## compare time intervals of different attack types

In [1]:
import os
import pandas as pd
import numpy as np

benign_filenames = [os.path.join("train_set", "benign" + str(i) + ".csv") 
                    for i in range(1, 3)]
attack_filenames = [os.path.join("attack_set", x) for x in 
                    os.listdir("attack_set") if x.endswith(".csv")]
for filename in attack_filenames + benign_filenames:
    df = pd.read_csv(filename)
    df_group = df.groupby(["src_ip", "dst_ip", "src_port", "dst_port", "protocol"])
    total_time_interval = []
    for name, group in df_group:
        time_interval = [0] + list(np.diff(group["timestamp"].values))
        total_time_interval += time_interval
    print(f"{filename} time interval mean: {np.mean(total_time_interval)}")
    print(f"{filename} time interval std: {np.std(total_time_interval)}")
    print(f"{filename} time interval max: {np.max(total_time_interval)}")
    print(f"{filename} time interval min: {np.min(total_time_interval)}")

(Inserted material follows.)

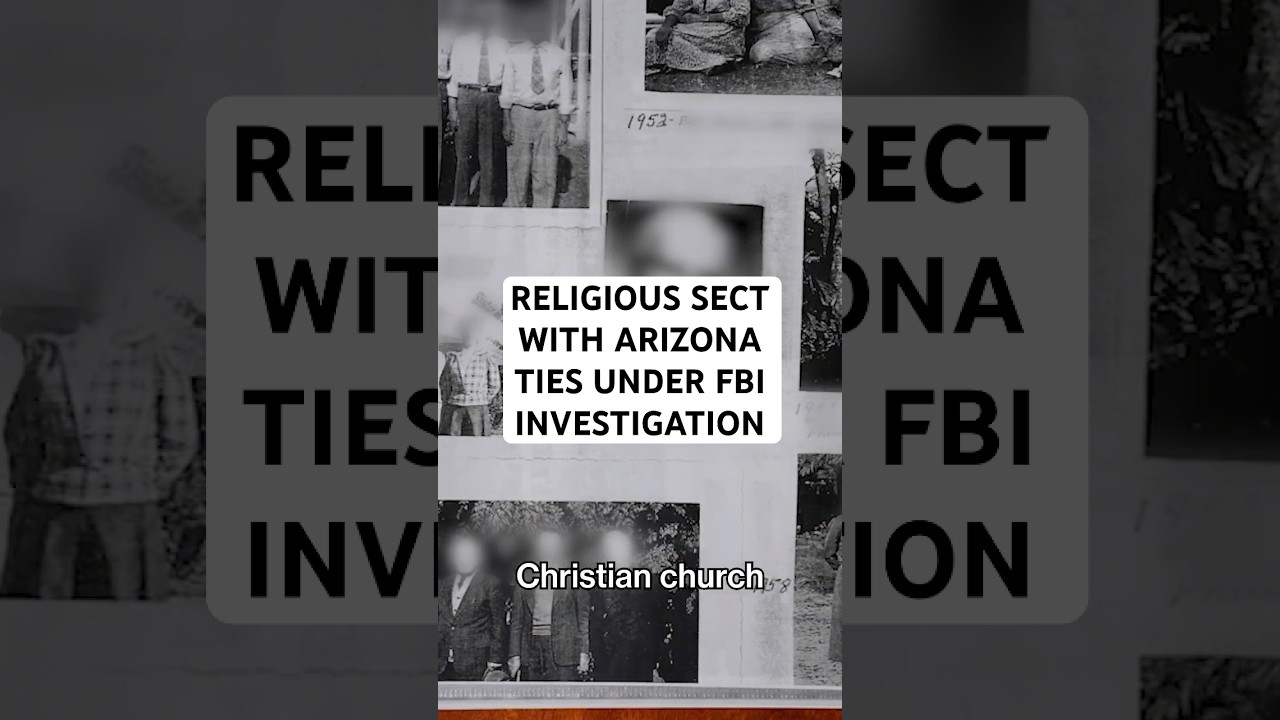 Arizona-Linked Religious Sect Under FBI Investigation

attack_set/LDoS_small.csv time interval mean: 0.3006698918581009
attack_set/LDoS_small.csv time interval std: 0.11745484057654854
attack_set/LDoS_small.csv time interval max: 0.37209105491638184
attack_set/LDoS_small.csv time interval min: 0.0
attack_set/osscan.csv time interval mean: 0.11535976605431844
attack_set/osscan.csv time interval std: 0.5495557577423145
attack_set/osscan.csv time interval max: 3.77128005027771
attack_set/osscan.csv time interval min: 0.0
attack_set/infiltration.csv time interval mean: 10.637729452860489
attack_set/infiltration.csv time interval std: 22.320994515466953
attack_set/infiltration.csv time interval max: 84.10361289978027
attack_set/infiltration.csv time interval min: 0.0
attack_set/HOIC_small.csv time interval mean: 0.0064822229959964756
attack_set/HOIC_small.csv time interval std: 0.008688119431468546
attack_set/HOIC_small.csv time interval max: 0.051918983459472656
attack_set/HOIC_small.csv time interval min: 0.0
attack_set/BruteForce-Web.csv tim

# Novelty detection with One Class SVM

In [2]:
import pandas as pd
from utils import Packet, Flow

def get_flows(df: pd.DataFrame, key_type: str = "default") -> dict:
    mp = dict()
    for idx in range(len(df)): # simulate the process of packet processing
        row = df.iloc[idx]
        pkt = Packet(
            src_ip=row["src_ip"],
            dst_ip=row["dst_ip"],
            src_port=row["src_port"],
            dst_port=row["dst_port"],
            protocol=row["protocol"],
            proto_code=row["proto_code"],
            pkt_length=row["pkt_length"],
            timestamp=row["timestamp"],
            ttl=row["ttl"],
            tcp_window=row["tcp_window"],
            tcp_dataoffset=row["tcp_dataoffset"],
            udp_length=row["udp_length"],
        )
        key = pkt.key(type=key_type)
        if key not in mp:
            mp[key] = Flow()
        mp[key].add_packet(pkt)
    return mp

In [3]:
from config import whisper_config

def transform(mp: dict, all_flows: bool = False):
    packet_data = []
    for key, flow in mp.items():
        data = flow.packet_vector()
        if all_flows: # short & long flow features
            packet_data.append(data)
        elif len(data) <= (whisper_config["n_fft"] // 2): # short flows
            packet_data.append(data)
    return packet_data

## Load data

In [5]:
import os

all_flows = False
train_benign_filename = os.path.join("dataset", "benign_small.csv")
# train_benign_filename = os.path.join("train_set", "benign1.csv")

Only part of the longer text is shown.